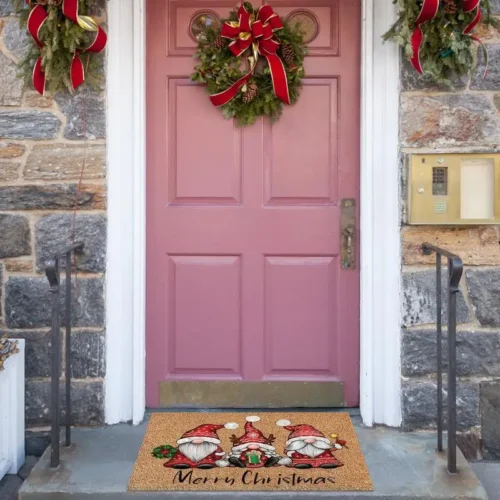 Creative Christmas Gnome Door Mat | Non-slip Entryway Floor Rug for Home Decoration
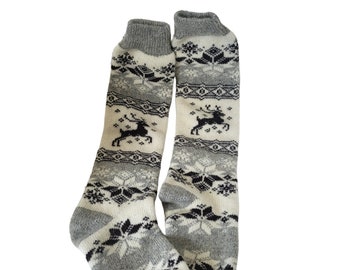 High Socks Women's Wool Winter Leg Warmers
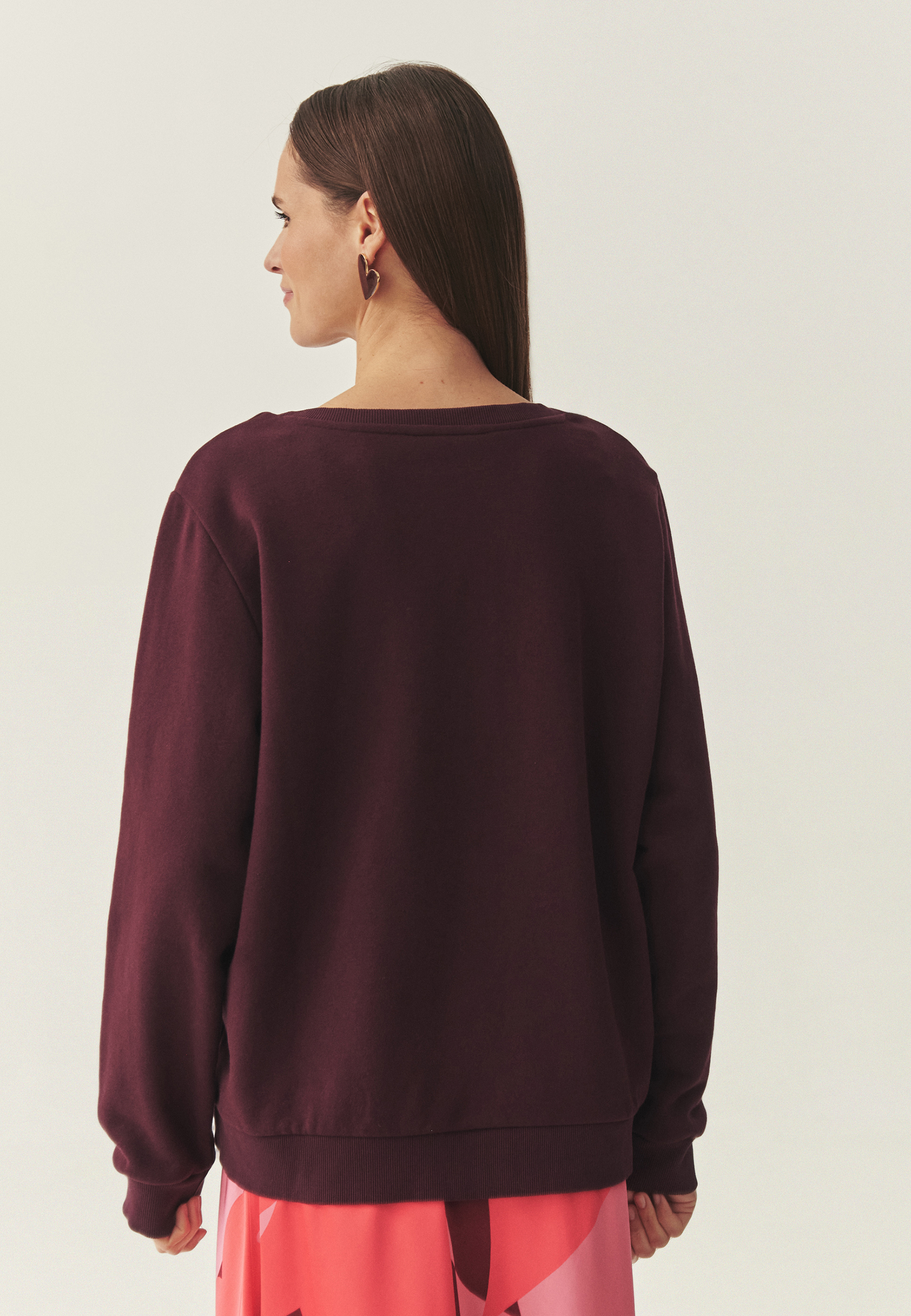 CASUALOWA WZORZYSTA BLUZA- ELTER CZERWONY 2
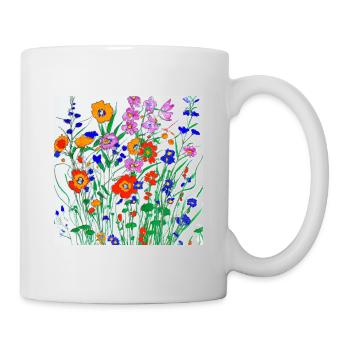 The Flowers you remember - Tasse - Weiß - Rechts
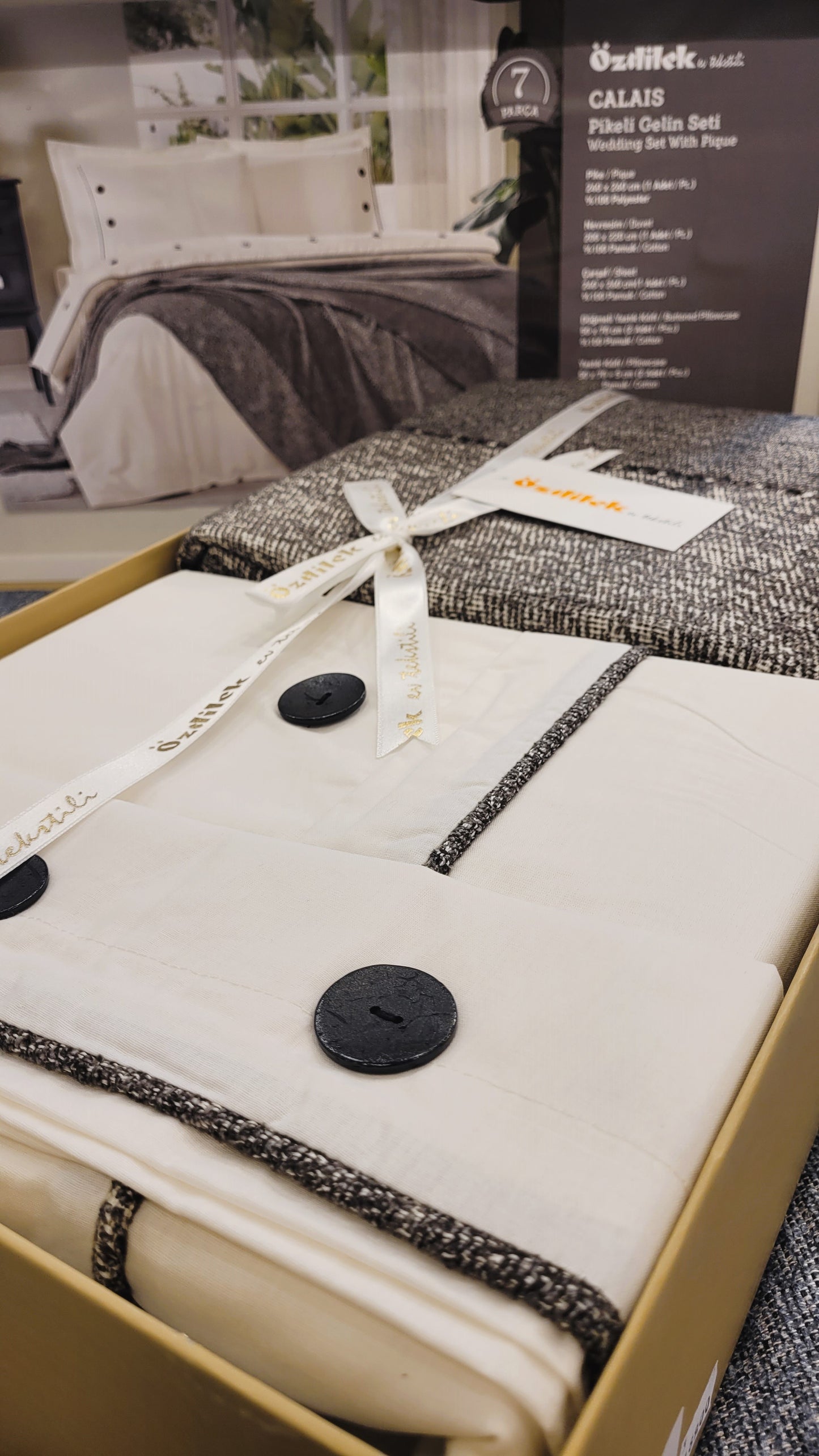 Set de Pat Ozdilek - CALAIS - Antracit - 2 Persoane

+--

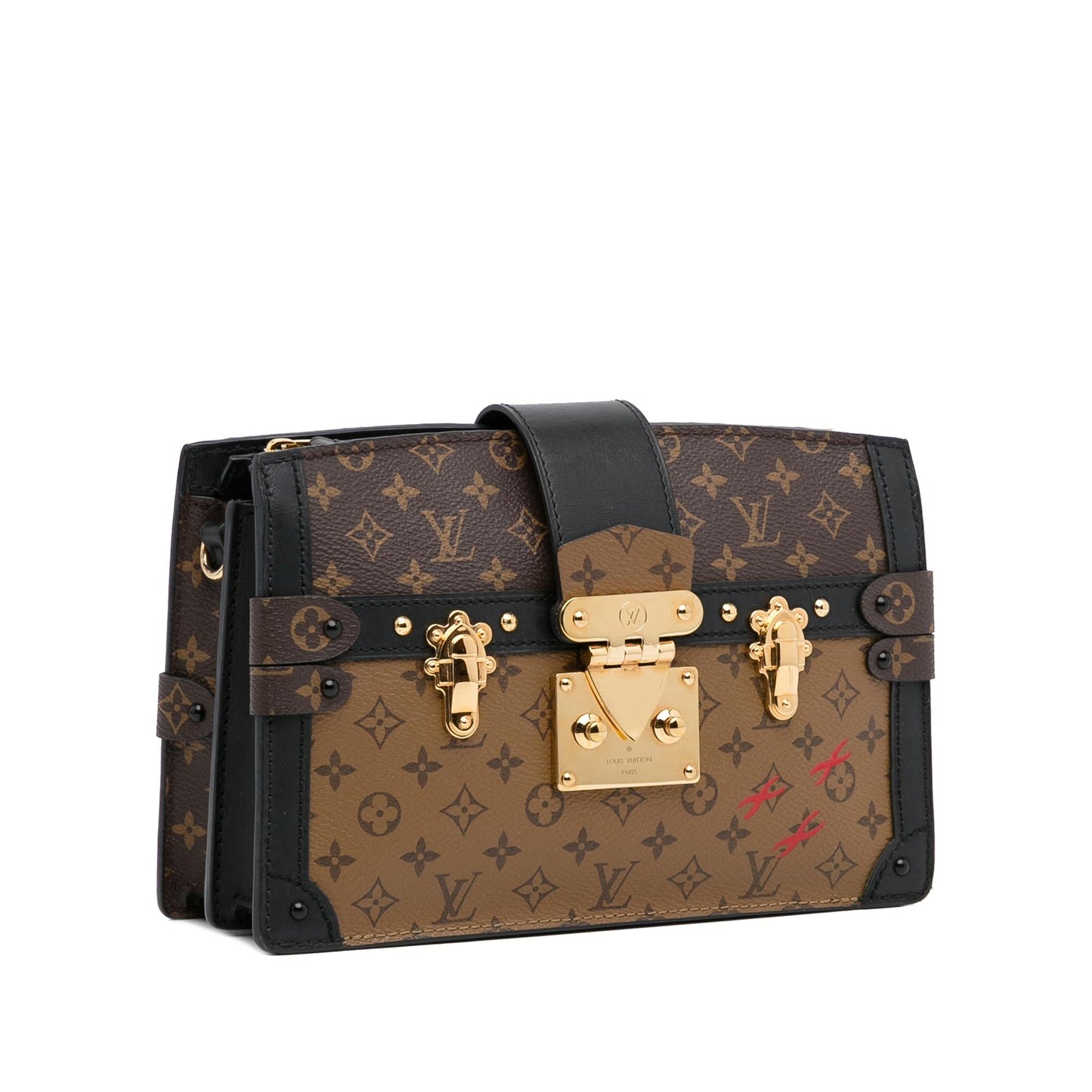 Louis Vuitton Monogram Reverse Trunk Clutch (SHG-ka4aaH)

+--

● The problem: Your reply should hold nothing but the lines above, from the one containing "High Socks Women's Wool Winter Leg Warmers" to the one containing "Set de Pat Ozdilek", reproduced exactly minus the pictures.

● Answer box:
 High Socks Women's Wool Winter Leg Warmers
 CASUALOWA WZORZYSTA BLUZA- ELTER CZERWONY 2
 The Flowers you remember - Tasse - Weiß - Rechts
 Set de Pat Ozdilek - CALAIS - Antracit - 2 Persoane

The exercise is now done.